Tindakan mengancam, mempermalukan, merendahkan, mengganggu, memberi panggilan nama (name-calling), sarkasme, merendahkan (put downs), mencela/mengejek, mengintimidasi, memaki, menyebarkan gosip.

  1. Perilaku Non-Verbal Langsung

Tindakan melihat dengan sinis, menjulurkan lidah, menampilkan ekspresi muka yang merendahkan, mengejek, atau mengancam; biasanya disertai oleh bullying fisik atau verbal.

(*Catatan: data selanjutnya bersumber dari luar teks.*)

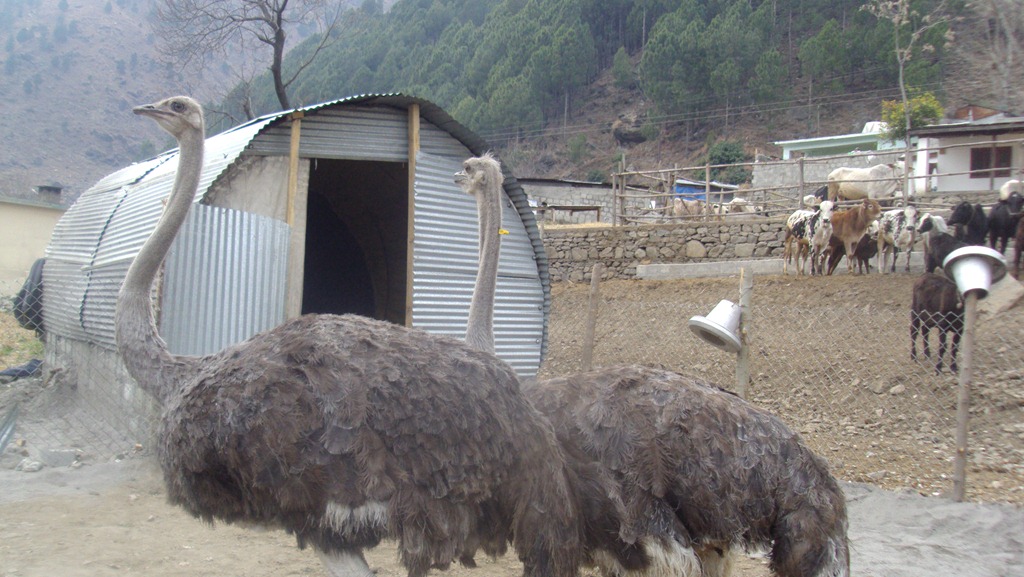 [Farm-Mansehra3.jpg]
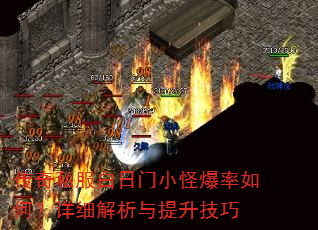 传奇私服白日门小怪爆率如何?详细解析与提升技巧 传奇私服白日门小怪爆率如何?详细解析与提升技巧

  1. Perilaku Non-Verbal Tidak langsung

Tindakan mendiamkan seseorang, memanipulasi persahabatan sehingga menjadi retak, sengaja mengucilkan atau mengabaikan, mengirimkan surat kaleng.

  1. Cyber Bullying

Tindakan menyakiti orang lain dengan sarana media elektronik (rekaman video intimidasi, pencemaran nama baik lewat media social)

  1. Pelecehan Seksual

Kadang tindakan pelecehan dikategorikan perilaku agresi fisik atau verbal.

Data Kasus Bullying dalam Konteks Kekerasan

Data dari Kementerian Kesehatan RI (2018) menyebutkan bahwa 50% anak usia sekolah melaporkan pernah mengalami tindakan   kekerasan   (bullying)   di   sekolah.

Tindak Bullying Laki-Laki Terhadap Perempuan

Perbedaan gender tidaklah terlalu dipermasalahkan untuk beberapa orang, namun perbedaan itu menjadi masalah ketika menghasilkan ketidaksetaraan, dimana laki-laki memperoleh dan menikmati posisi yang lebih baik dan menguntungkan daripada perempuan. Jadi yang dipermasalahkan bukan sebatas pembedaan laki-laki dan perempuan. Kesenjangan gender yang menimbulkan berbagai bentuk ketidakadilan dan pembatasan berdasar jenis kelamin dan perempuan merupakan pihak yang lebih mudah sebagai korban.

Kasus Bullying dalam Konteks Kekerasan Seksual di Lingkungan Sekolah

Kasus bullying kini marak terjadi, tidak hanya di masyarakat namun kasus ini terjadi di dunia pendidikan. 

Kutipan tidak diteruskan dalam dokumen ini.